Depends on the queries. Point queries that take 1ms each? Sure. Analytical queries that take 1000ms+ each? Not so much.

StreamBright · on Sept 27, 2022

I see this problem a bit more nuanced. Why does everybody starting with the assumption that the solution is SQL? You can get very far with a k:v store like S3 for example. On the top of that, if you really need SQL you can use a lot of different systems (without k8s).

c2h5oh · on Sept 26, 2022

That kind of a load you can handle on spinning rust without breaking a sweat.

eptcyka · on Sept 27, 2022

NVME? You can serve this from a raspberry pi.

xani_ · on Sept 26, 2022

It's essentially just a process running in a cgroup so performance shouldn't be all that different than bare metal/VM postgresql.

Main difference would be storage speed and how it exactly is attached to a container.

kccqzy · on Sept 26, 2022

> This is the reason why we were able to easily cope with 2M+ requests in less than 24h

I thought this was referring to 2M+ requests per second over a ramp period of 24h, not 2M requests per 24h?

XCSme · on Sept 26, 2022

2M+ requests per day can be handled on a pretty cheap VPS even by MySQL, but it depends on the request complexity and, more importantly, the database size.

brand · on Sept 26, 2022

I’ve personally deployed O(TBs) and O(10^4 TPS) Postgres clusters on Kubernetes with a CNPG-style operator based deployment.

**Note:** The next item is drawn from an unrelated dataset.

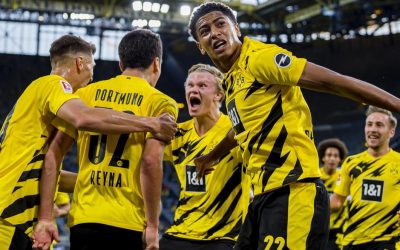 Red Bull Leipzig – Borussia Dortmund (DNB 2) 2,00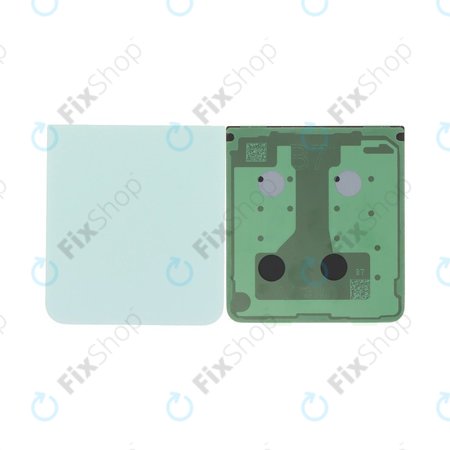 Samsung Galaxy Z Flip 7 F766B - Akkudeckel Komplett (Mint)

There are some subtleties to it but it’s not exceeding complicated, and a good project like CNPG goes a long way to shaving off those sharp edges. As other commenters have suggested it’s good to really understand Kubernetes if you want to do it, though.

radimm · on Sept 26, 2022

Thanks for the confirmation. As mentioned I'm not saying no to it. It is really that "really understand" part which holds me back for now - mainly the observability and dealing with edge cases in high-throughput environment.

remram · on Sept 27, 2022

> O(TBs) and O(10^4 TPS)

What does this syntax mean? Surely you wouldn't use big-o notation with a constant in it, especially to convey the same meaning as the thing without the O?

MikePlacid · on Sept 27, 2022

Mathematically speaking the statement you are objecting to is correct: c1 is O(c2) for any constants c1, c2.

English-language-ly speaking the statement you are objecting to is also correct: both you and I managed to get it’s correct meaning.

No?

remram · on Sept 27, 2022

No, I am not sure about the meaning at all. Did they deploy databases that will tend to be a TB in size as something tends to infinity? Or multiple TBs? I don't know if they know about the constant factor since they don't know what the notation mean. Maybe they know what it means and are using it for a clever lie, a 1kB database is O(1TB). So is an empty database.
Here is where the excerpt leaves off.